School enrollment bill gutted to remove proof of custody




A bill that could have made it harder for children to enroll in school was gutted in the House of Representatives and sent to the Senate Feb. 25. 

House Bill 2367, sponsored by Rep. Tim Dunn, R-Yuma, would have required proof of legal custody to enroll children in school. Groups like the American Civil Liberties Union of Arizona and the Arizona Grandparent Ambassadors opposed it.

But an amendment from the House Education Committee scrapped the provision requiring legal proof of custody. Instead, the bill now seeks to require the State Board of Education, instead of the Department of Education, to establish guidelines for documentation accepted to show residency in Arizona. 

Arizona school districts are required to keep documents of its students’ identity, age and proof that they live within the district’s boundaries.

“The goal of the bill is transparency and consistent policy,” Dunn said. 

In January, Dunn told Arizona Mirror that HB2367 would address an issue in the Yuma Union High School District in which students say they live within the district when they don’t.

Gina Thompson, superintendent of YUHSD, told the Mirror in January that the bill’s requirement of proof of legal custody for enrollment would help her district streamline enrollment and document-gathering process and protect the safety of students. 

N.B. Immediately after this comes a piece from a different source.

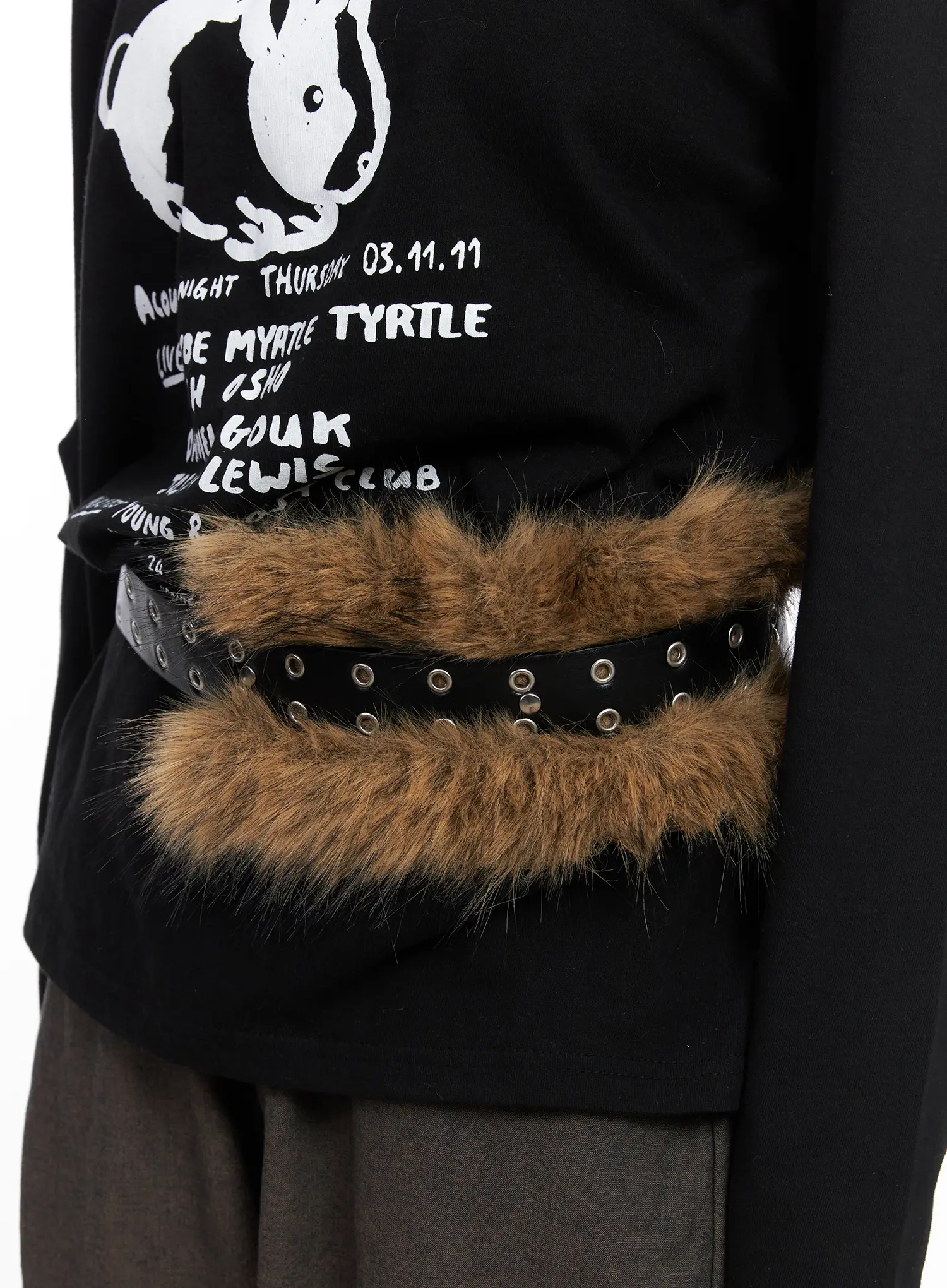 Faux Fur Eyelet Belt CN521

At a House Education Committee hearing on Feb. 17, Dunn brought up a case from the Ajo Unified School District where ADE fined the district $1.5 million for not having proper proof of residency documentation for over 100 students.  

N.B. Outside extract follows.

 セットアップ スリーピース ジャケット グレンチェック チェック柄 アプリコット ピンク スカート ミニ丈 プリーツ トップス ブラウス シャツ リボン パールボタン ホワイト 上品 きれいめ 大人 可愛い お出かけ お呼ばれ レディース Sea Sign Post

Rep. Michelle Udall, a Mesa Republican and chair of the Education Committee, added there’s fear among districts that this will happen to them.

“There are other districts that are worried that this will happen because there is not a consistent state policy, it does change from time to time without necessarily notice that it is going to change,” Udall. said. 

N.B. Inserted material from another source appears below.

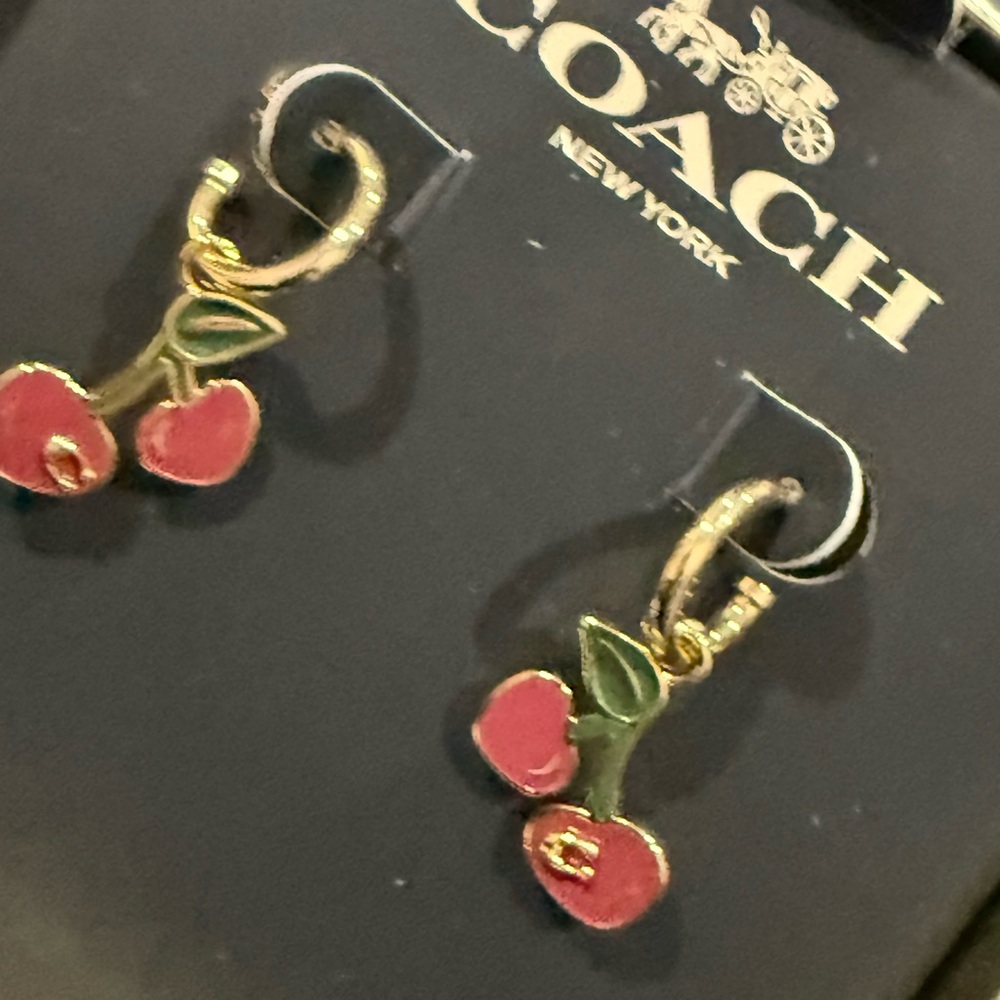 Coach Cherry Red and Green Earrings new in the box - Picture 3 of 7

But that case is from early 2011. 

Ajo Superintendent Robert F. Dooley told the Mirror on Feb. 25 that he believes the audit was a political ploy from then-Attorney General Tom Horne, who had just left his years-long post as Superintendent of Public Instruction but was already hoping to run for governor.  

Dooley said the district ended up paying $600,000 in penalties. He doesn’t see a problem with the current residency documentation guidelines set by the education department.

“I think the current (ADE guidelines) should suffice if school districts are understanding and trained how to use them,” Dooley said. 

The Department of Education opposes HB2367. Callie Kozlak, Associate Superintendent for Policy & Government Relations for ADE, said that transferring the authority to set residency guidelines to the State Board of Education could create confusion.

“I think to put it open to a public rules process might cause some confusion because at the end of the day it all needs to come back to the state and federal law,” she told lawmakers on Feb. 17.